Whether nonviolence was the right strategic option, and just how convinced Luthuli remained that it could topple white rule, are different questions.

His 1964 Rivonia Trial statement, which asserted that ‘no one can blame brave, just men for seeking justice by the use of violent methods”, may well have been an expression of solidarity rather than an endorsement of violence, as Couper contends.
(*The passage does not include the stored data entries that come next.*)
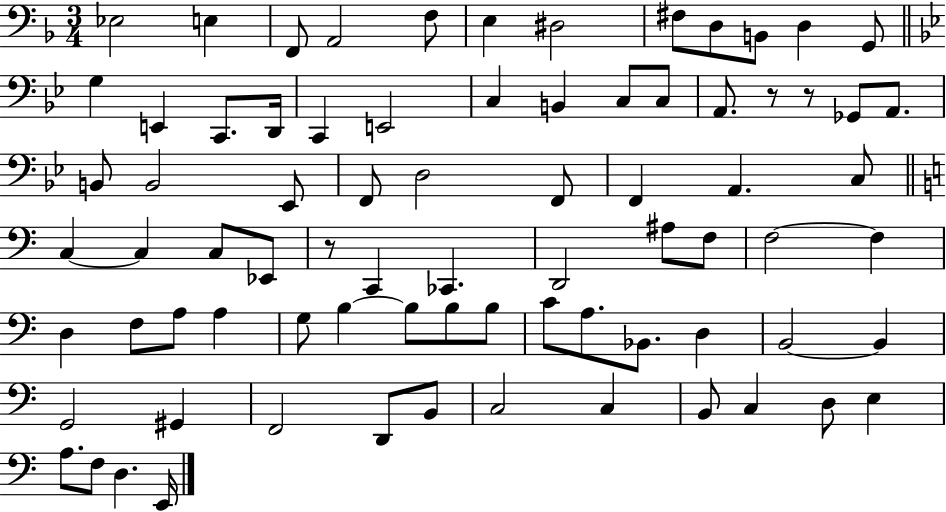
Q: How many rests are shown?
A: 3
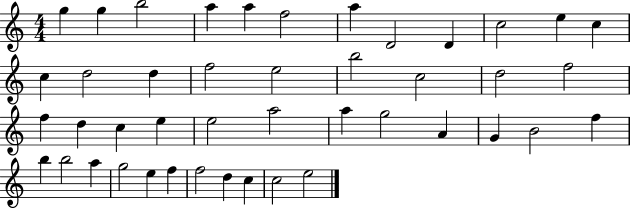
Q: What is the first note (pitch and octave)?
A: G5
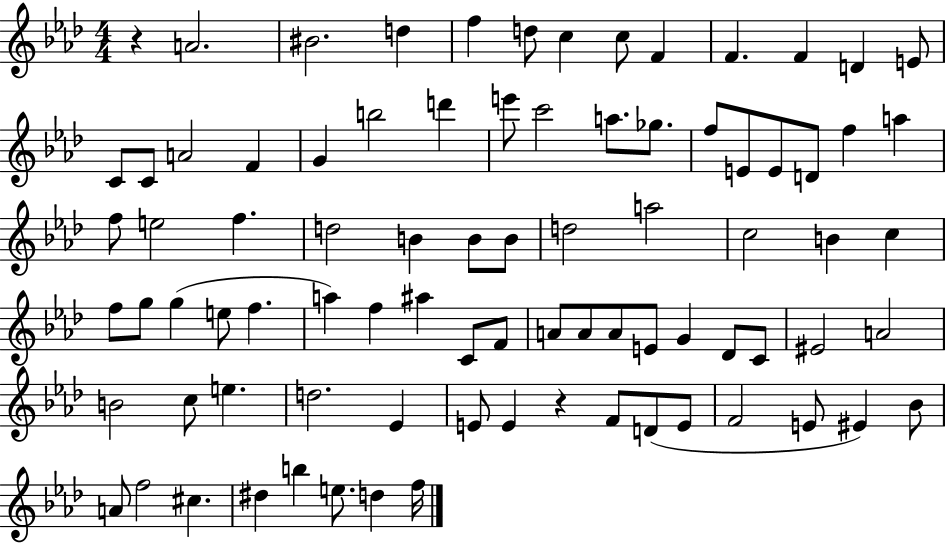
{
  \clef treble
  \numericTimeSignature
  \time 4/4
  \key aes \major
  r4 a'2. | bis'2. d''4 | f''4 d''8 c''4 c''8 f'4 | f'4. f'4 d'4 e'8 | \break c'8 c'8 a'2 f'4 | g'4 b''2 d'''4 | e'''8 c'''2 a''8. ges''8. | f''8 e'8 e'8 d'8 f''4 a''4 | \break f''8 e''2 f''4. | d''2 b'4 b'8 b'8 | d''2 a''2 | c''2 b'4 c''4 | \break f''8 g''8 g''4( e''8 f''4. | a''4) f''4 ais''4 c'8 f'8 | a'8 a'8 a'8 e'8 g'4 des'8 c'8 | eis'2 a'2 | \break b'2 c''8 e''4. | d''2. ees'4 | e'8 e'4 r4 f'8 d'8( e'8 | f'2 e'8 eis'4) bes'8 | \break a'8 f''2 cis''4. | dis''4 b''4 e''8. d''4 f''16 | \bar "|."
}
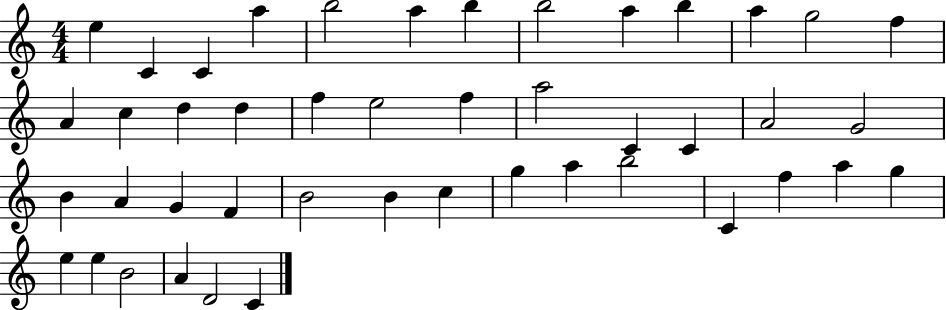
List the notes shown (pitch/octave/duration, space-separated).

E5/q C4/q C4/q A5/q B5/h A5/q B5/q B5/h A5/q B5/q A5/q G5/h F5/q A4/q C5/q D5/q D5/q F5/q E5/h F5/q A5/h C4/q C4/q A4/h G4/h B4/q A4/q G4/q F4/q B4/h B4/q C5/q G5/q A5/q B5/h C4/q F5/q A5/q G5/q E5/q E5/q B4/h A4/q D4/h C4/q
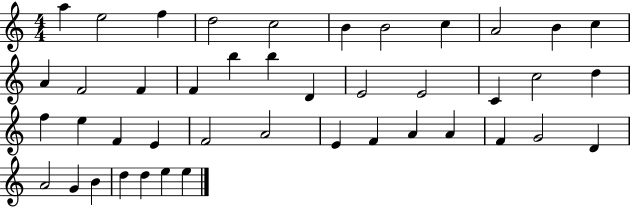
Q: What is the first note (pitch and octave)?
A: A5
Luthuli could hardly have denounced the tactics of ANC comrades facing life behind bars.

But the extremes to which he goes in the statement — he also said the triallists ‘represent the highest in morality and ethics in the South African political struggle” — hint at deep, accumulated reserves of righteous fury and even despair.

Most sensible people would now agree that the ANC’s recourse to arms was inevitable, defensible and, by the late 1980s, a key component of the ‘total onslaught” that ultimately drove the apartheid state to the ­negotiating table.

But the rights and wrongs of political violence, and Luthuli’s precise attitude to it, are less important than the picture Couper paints of a great South African, endowed with the same extraordinary breadth of spirit that marks such leaders as Mandela and Desmond Tutu.

The Nobel committee’s chairperson, Gunnar Jahn, described him as ‘fearless and incorruptible”, while his amanuensis, Charles Hooper, offered this memorable tribute: ‘Only as his (qualities) unfold does one begin to grasp the striking wholeness of the man, his coherence and his integrity. A mind is at work, but never academically, never without imagination. Imagination is at work, but never without restraint and discipline, never engaged in fantasy and never at the expense of the truth.”

It is for his outstanding human qualities, and as a model of inclusive nonracial leadership, that Luthuli should be honoured — not as a cardboard nationalist icon.